No separate Vinaya (monastic code) specific to the Sautrāntika has been found, nor is the existence of any such separate disciplinary code evidenced in other texts; this indicates that they were likely only a doctrinal division within the Sarvāstivādin school.

The Sautrāntika criticised the Sarvāstivādins on various matters such as ontology, philosophy of mind and perception. While the Sarvāstivādin Abhidharma described a complex system in which past, present, and future phenomena are all held to have some form of their own existence, the Sautrāntika subscribed to a doctrine of "extreme momentariness" that held that only the present moment existed.

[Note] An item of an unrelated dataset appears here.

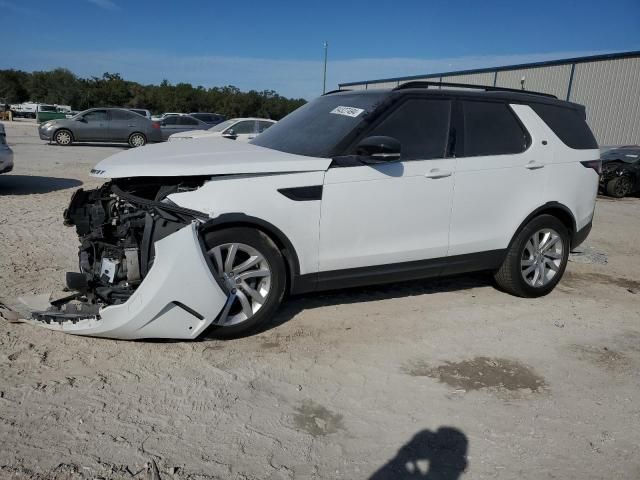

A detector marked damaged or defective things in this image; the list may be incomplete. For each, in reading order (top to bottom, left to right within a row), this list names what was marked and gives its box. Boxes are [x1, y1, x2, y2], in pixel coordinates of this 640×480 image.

cracked hood [92, 137, 332, 180]
damaged white suv [32, 84, 604, 342]
crumpled front bumper [32, 223, 229, 340]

They seem to have regarded the Sarvāstivādin position as a violation of the basic Buddhist principle of impermanence. As explained by Jan Westerhoff, this doctrine of momentariness holds that each present moment "does not possess any temporal thickness; immediately after coming into existence each moment passes out of existence" and that therefore "all dharmas, whether mental or material, only last for an instant (kṣaṇa) and cease immediately after arising."

The Sarvāstivādin Abhidharma also broke down human experience in terms of a variety of underlying phenomena (a view similar to that held by the modern Theravādin Abhidhamma); the Sautrāntika believed that experience could not be differentiated in this manner.

Sautrantika doctrines expounded by elder Śrīlāta and critiqued in turn by Saṃghabhadra's Nyayanusara include:

- The theory of anudhatu (or *purvanudhatu, "subsidiary element"), which is also associated with the theory of seeds (bīja) espoused by Vasubandhu. This theory was used to explain karma and rebirth.
- The doctrine that ćaitasikas (mental factors) are but modes of ćitta (mind) and are not separate elemental dharmas which come together in "association" (samprayoga) as the Vaibhāṣika believed. This view is also expoused at length in Harivarman's Tattvasiddhi.
- The doctrine that the sense-elements (dhatu) alone are real existents, not the aggregates (skandha) or sense spheres (āyatana).
- An interpretation of perception (pratyaksha) which differed from the direct realism of the Vaibhāṣika, and instead posited a form of indirect representationalism.

According to Vasubandhu, the Sautrāntika also held the view that there may be many Buddhas simultaneously, otherwise known as the doctrine of contemporaneous Buddhas.